Reinhold Messner und "seine" Sherpas

Die Einwohner des nordöstlichen Teil von Nepal, insbesondere der Solu Khumba Region am Fuße des Mount Everest, gehören zur Bevölkerungsgruppe der Sherpas. Die Sherpas mit ihren rund 80000 Angehörigen repräsentieren die wohl am besten bekannte ethnische Gruppe des Landes.

Vor ca. 500 Jahren wanderten die nomadischen Viehhirten aus Tibet ein und wurden erst mit der Einführung der Kartoffel im 19. Jahrhundert seßhaft. Seither wurden permanente Siedlun-gen, sowie zahlreiche Klöster, sogenannte Gompas, errichtet.

Die Sherpas sind Buddhisten und außergewöhnlich gut an die harten Lebensbedingungen in großer Höhe angepaßt. Dieser Umstand ließ sie als Bevölkerungsgruppe weltweit bekannt werden, als Bergsteiger aus aller Welt begannen, die unüberwindlich erscheinenden Berge des Himalaya zu ersteigen.
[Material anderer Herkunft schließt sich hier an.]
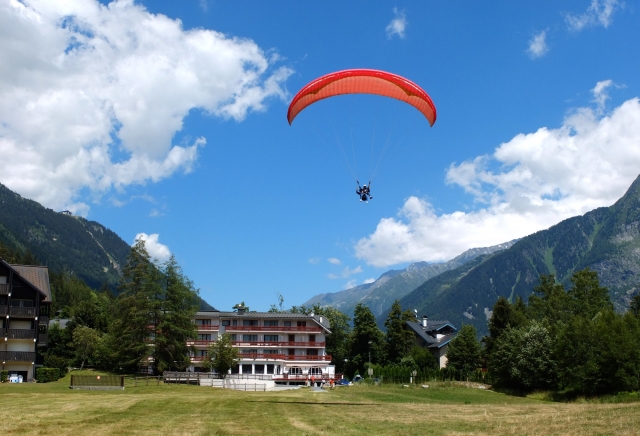  Vuelo en parapenle en Chamonix 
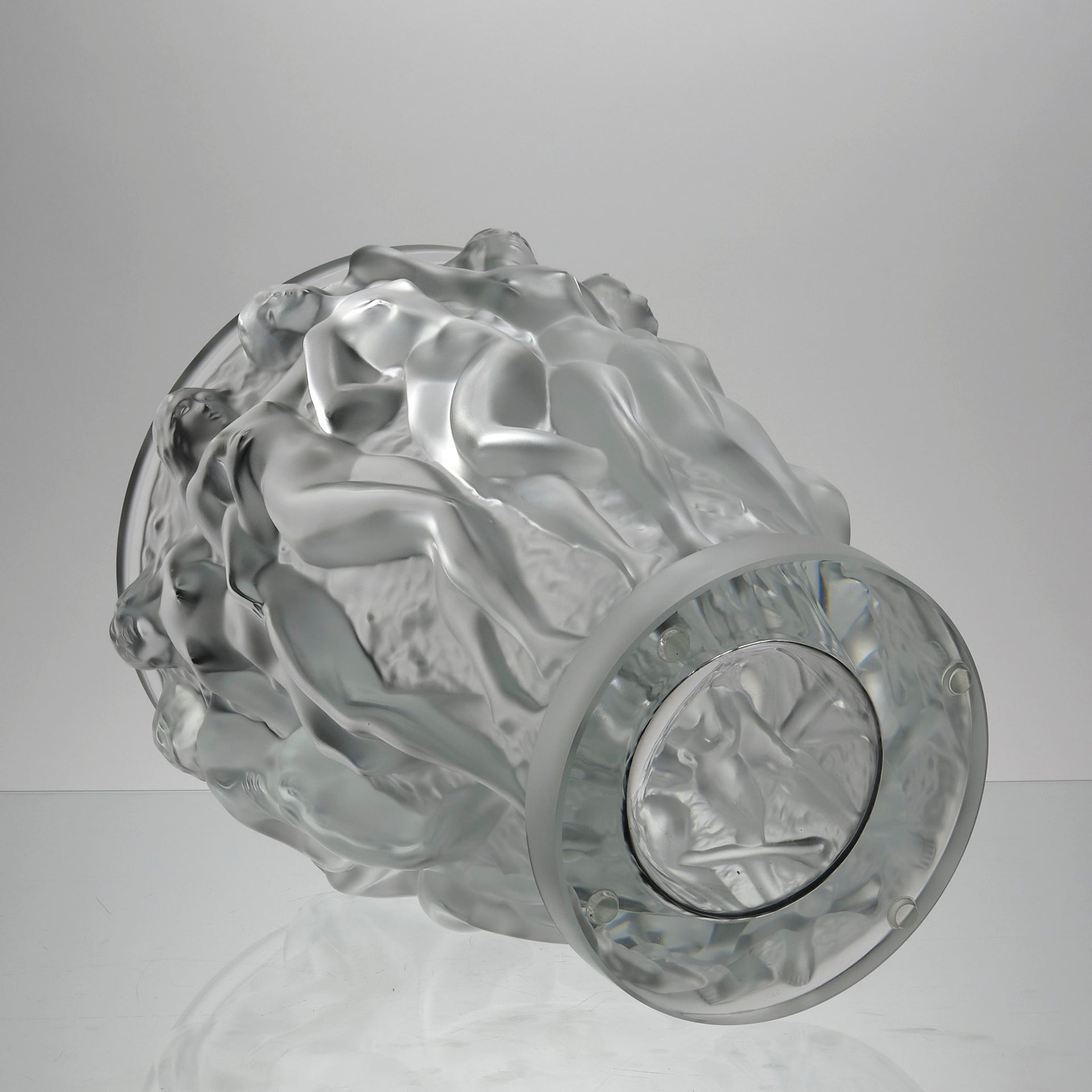 Bacchantes Vase - Lalique For Sale - Hickmet Fine Arts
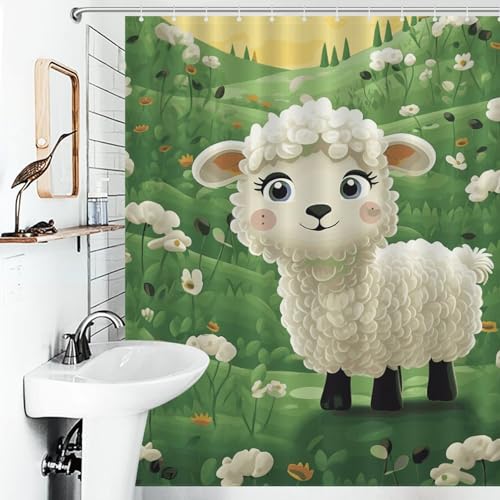 Rideau de douche en tissu imperméable anti-moisissure 152x183 - 7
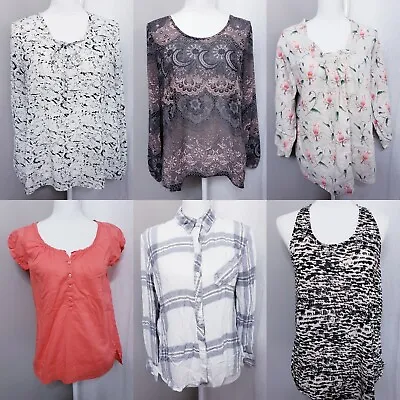 Lot Of 6 Career Style Blouses Size MEDIUM HD In Paris/H&M/Forever 21 • $35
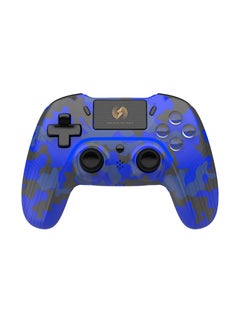 Log Electronics Blue Camo Wireless Controller Compatible with PS4/PS4 ...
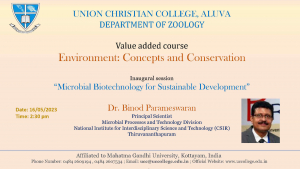 Invited Lecture on “Microbial biotechnology for Sustainable development”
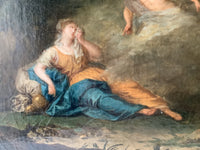 Hagar and Ishmael Saved by the Angel, 18th Century Biblical Oil Painting, Attributed to Januarius Zick
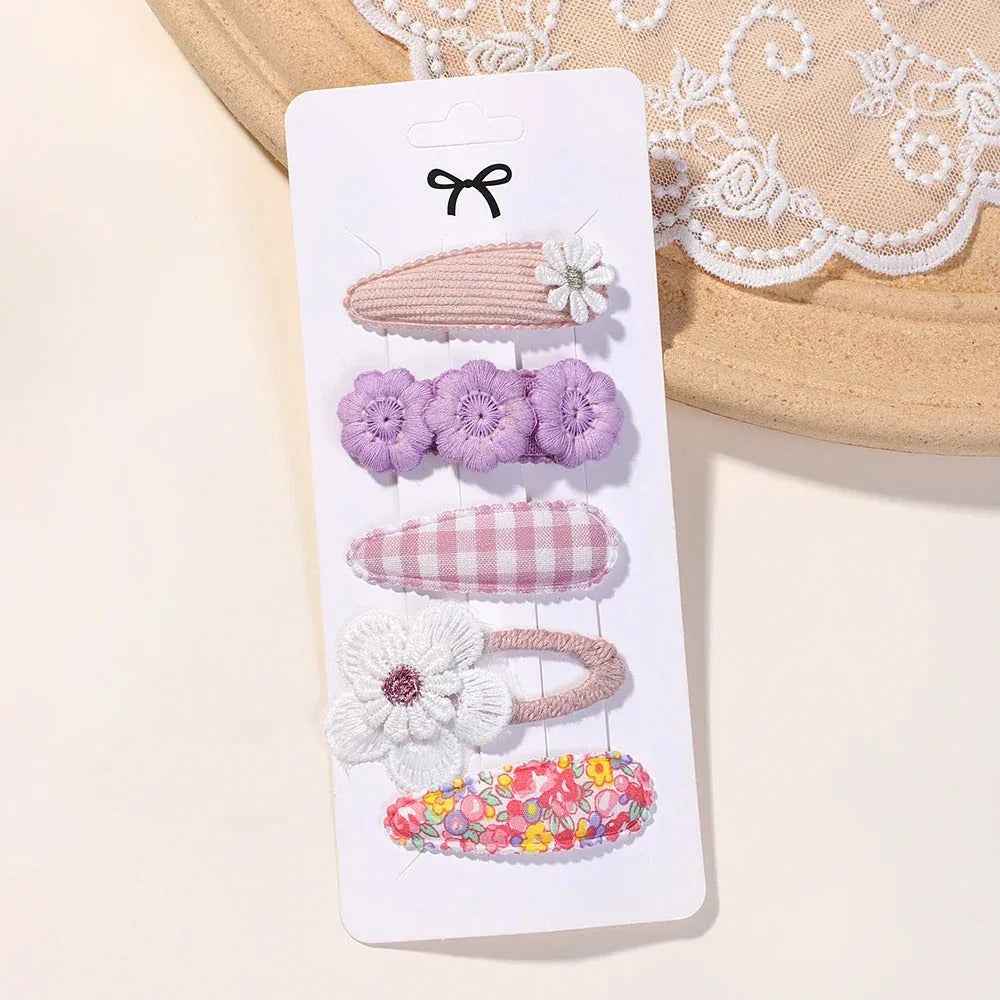 5Pcs BB Clips Set for Children Hair Accessories Sweet Hair bangs - MarkoFit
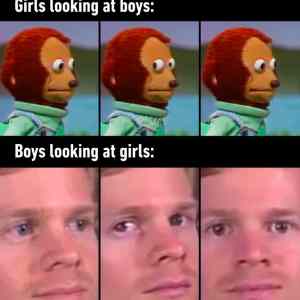 Obrázek 'boys check girls'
Die Sherpas haben durch das Leben in großer Höhe ca. 1 Liter mehr Blut und ca. die doppelte Menge an roten Blutkörperchen als Flachländer. Die Tatsache, daß es in den Bergregionen Nepals keine Straßen gibt und somit alles von Menschen getragen werden muß, befähigt sie zu ungewöhnlichen Leistungen. So haben wir z.B. eine junge Frau mit 2 Wasserkanistern von rund 50 Litern Inhalt (!!!) in beinahe 5000 m Höhe einen steilen Berghang förmlich hinauf rennen(!!) sehen. Soviel zu europäischen Hochleistungssportlern......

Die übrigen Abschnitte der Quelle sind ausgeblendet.